One of the slippery notions of our online lives is that of friendship.  When you come right down to it, it is slippery in what is euphemistically known as "real life" [RL], neh?  But add the online component, mix in social networking, and you have a blurring of roles that can be tricky to navigate both socially and emotionally.  There are those that you have very strong ties to and those that you have weak ties to -- and they in turn have strong ties and weak ties....



Lets start with RL:

How many friends do you have?

That isn't an easy question to answer is it?

Like many people, I have many folks that I have associated with through the years and in different roles -- neighbors, family friends, kids I went to school with, those that I met through church, club members, people I have worked with, those I met while speaking. etc etc and so forth.  Some of them I know a lot about, some of them I recognize.  There are a lot of people I am "friendly with" that I would not call "friends".  I tend to be pretty chary about the label "friend" on the whole in RL, not counting the folks who's friendship is situational [eg those who are chummy when you are working with them but then not so much when you are not].   Right now?  I know I have three people that I would definitely call friends in RL

How long do you stay friends?

This one is a bit of a puzzler to me.  Once I trust someone to be a friend, why would I stop being that?  But there have been people who have drifted out of my life that I thought were friends, and I don't know what to say to them anymore.

How do you make friends?

Beats me!  I used to say that I found it easier to talk to men rather then women, but the only friends that have stuck through the years are female.  And there are people that really interest me and I want to form a relationship with them and they don't seem to be interested in that level of engagement with me.

And of those friends, how many do you actually know?

Another tough question, neh?  What do you want to know about the people you call friends and what do you want them to know about you? 

I was told several years ago by a woman with whom I was becoming very friendly through work that I was a difficult person to be around, to be friendly with because when I was interested in them, it was almost as though the boundary between "them" and "me' got fuzzy -- I seemed to want to know everything!  That is something I never forgot and it has actually hobbled me in a way because I discourage very easily, seeing rejection quickly and shutting down.
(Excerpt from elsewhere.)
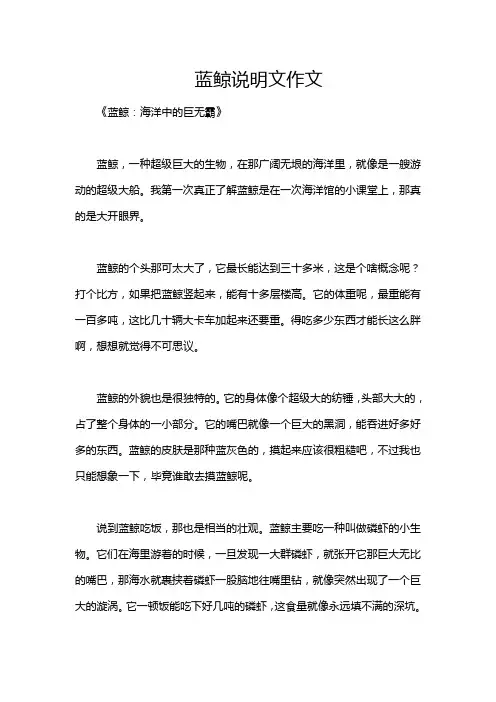 蓝鲸说明文作文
What do you expect from your friends and what can they expect from you?

Well I expect to know and be known. 

I expect to be able to give support:  used to call myself a "foul weather friend" but I don't think the current online definitions fit what that meant to me.  Had a person tell me once that if she had an emergency, I was one of the first people she would think to call for help and I like that.  I have been known as a person who gives support and encouragement when times are tough, but I seem to be around less when times get good. 

I expect to be able to socialize with, hang out with, get invited to do things with my friends, getting and giving attention.

So, I have established a couple different criteria, neh?  When it comes to "is this person my friend", I have talked in terms of:
  • level of association -- how close is s/he to me?
  • depth of engagement -- how much do I know about her/him and how much does s/he know about me?